# dual saw work to cut cement board?



## 4just1don (Jun 13, 2008)

saw a dual saw say they can cut anything???does that include cement board???

If it does work does it ruin blades quickly?? and does it create less dust than a circle saw and masonry blade??

are there brands to buy,,,and not buy???


----------



## Bud Cline (Mar 12, 2006)

I have seen somewhere that there are diamond blades available for the dual-saw but have never seen or used one first hand. There will be dust I'm sure.


----------



## Dvanek12 (Jul 31, 2011)

4just1don said:


> saw a dual saw say they can cut anything???does that include cement board???
> 
> If it does work does it ruin blades quickly?? and does it create less dust than a circle saw and masonry blade??
> 
> are there brands to buy,,,and not buy???


Ridgid makes good saw for cement board with a exhaust port, so you can direct the dust away from you or attach to a vacuum to it.
Also you can use a fan to blow the dust away from you. The blade is about $ 50.00, but worth it, if you cutting alot of cement board.


----------



## TrapperL (Jul 23, 2011)

This is the blade you can use in any 7 1/4" circular saw. Most subs will buy the cheapest saw they can and use it until it dies. I would not suggest working any cement board with good tools as they will be destroyed. At one time and maybe they still offer it but the James Hardi Company would replace any cement board diamond blade free. All you had to do was send them the old blade and they sent you a new one. Might check it out if you are going to do much work with it.


----------



## oh'mike (Sep 18, 2009)

Sounds expensive and dusty---I've got a wet cutting 4" circular saw just for cutting Durrock.

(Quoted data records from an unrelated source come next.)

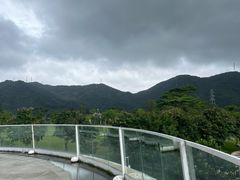 -白石龙音乐公园
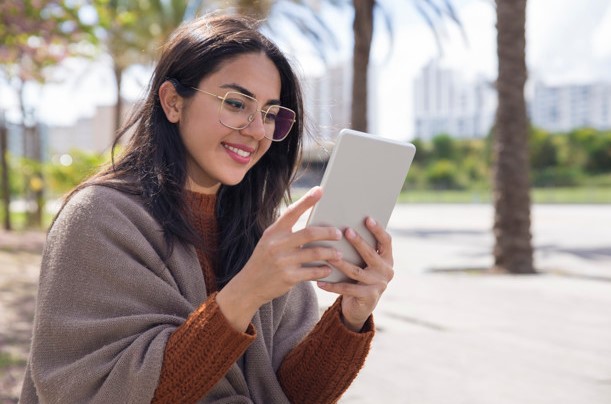 GEO Ambassadors: la risposta delle scuole all’emergenza sanitaria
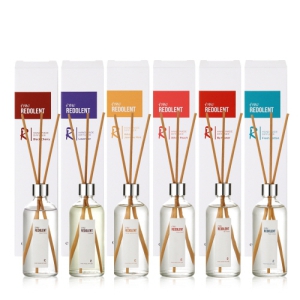 ̸ Ʈ ǻ Ʈ 100ml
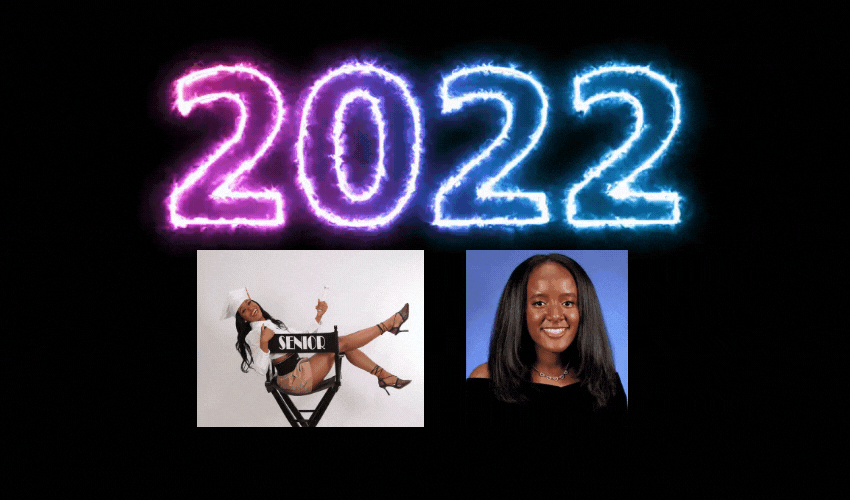 ICT GAD CLASS (850 × 590 px) (850 × 500 px).gif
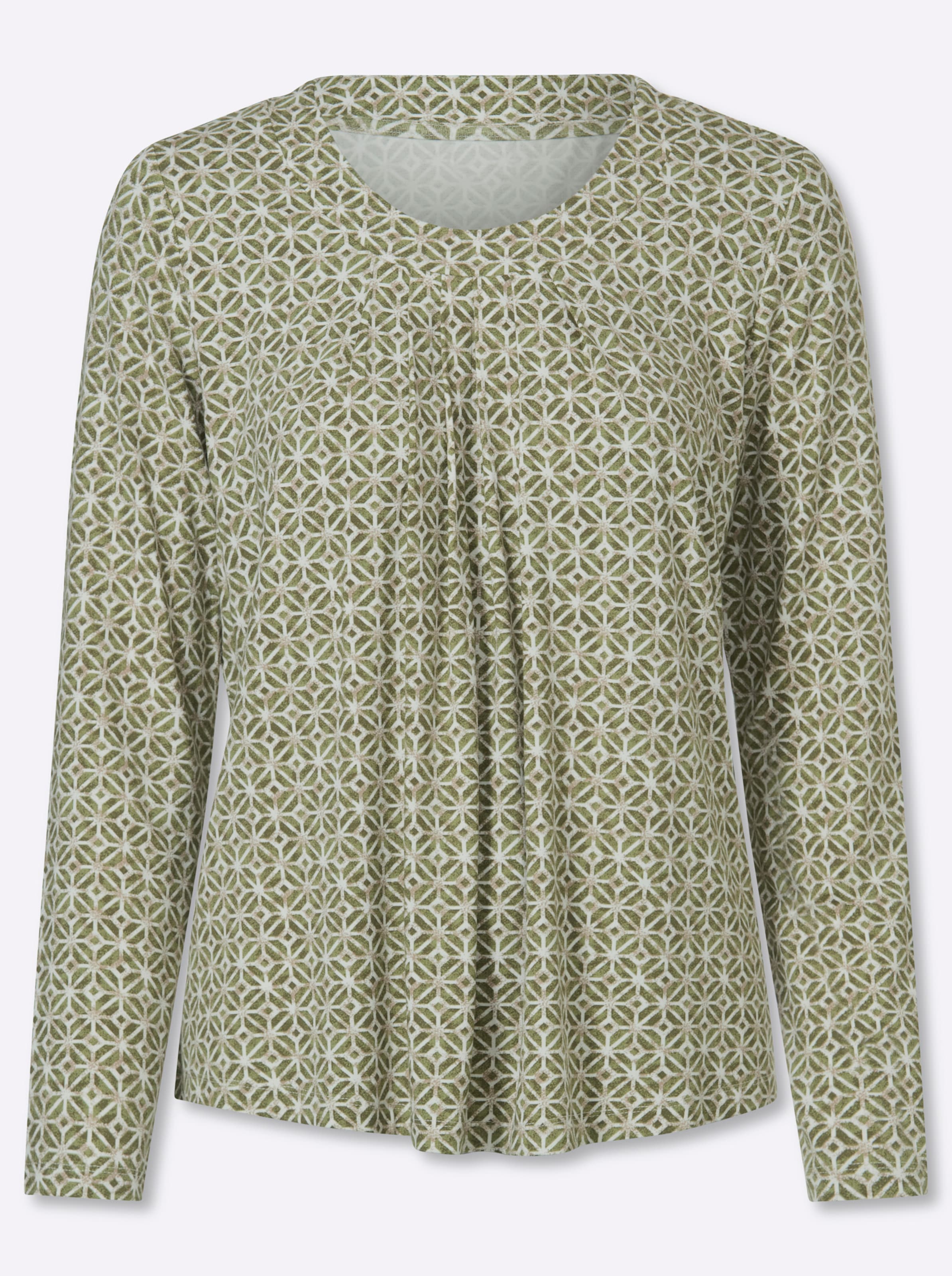 Thumbnail - Print-Shirt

Harbor Freight has one like it for about $39.00

You just slap a wet sponge against the blade as you cut---no dust--clean cut.

You can cut Durrock just fine with a utility knife and maybe a jig saw with a carbide grit blade---

You need to justify the cost of a tool and the amount of use that it will get---and the time saved.


----------



## 4just1don (Jun 13, 2008)

thanks for replies, was thinkinking tile cement board tile backer as have 3 or 4 showers over tubs to do.hard to score and snap like 3/4 " hence cutting most of it anyway. The wet sponge saw sounds great. can you use a wet sponge with a regular circle saw or does it get the motor too wet? Cut some outside in wind, but did cut out a high vinyl window with a very slanted window sill under it while screwed to wall. A little less dust would be great.

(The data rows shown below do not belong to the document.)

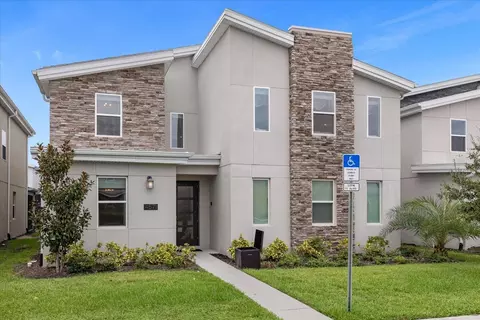 4571 Narrative Ln, Kissimmee, FL 34746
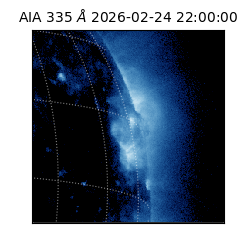 saia - 2026-02-24T22:00:00.626000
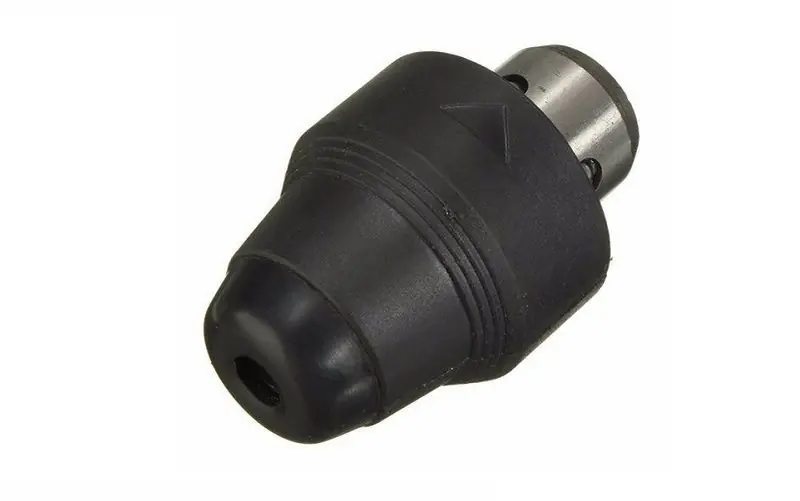 BOSCH SDS-Plus Bohrfutter 1617000895 Sale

Another potential use of the dual saw would be to cut vinyl siding for install and steel soffit panels for length instead of those hand shears. Does the saw cut siding and soffits clean?or jagged edged??


----------



## oh'mike (Sep 18, 2009)

The little wet saw spins slowly ----I think the wet sponge might be dangerous with a regular Skill Saw.

The little saw is worth the money if you have that much work ahead of you,


----------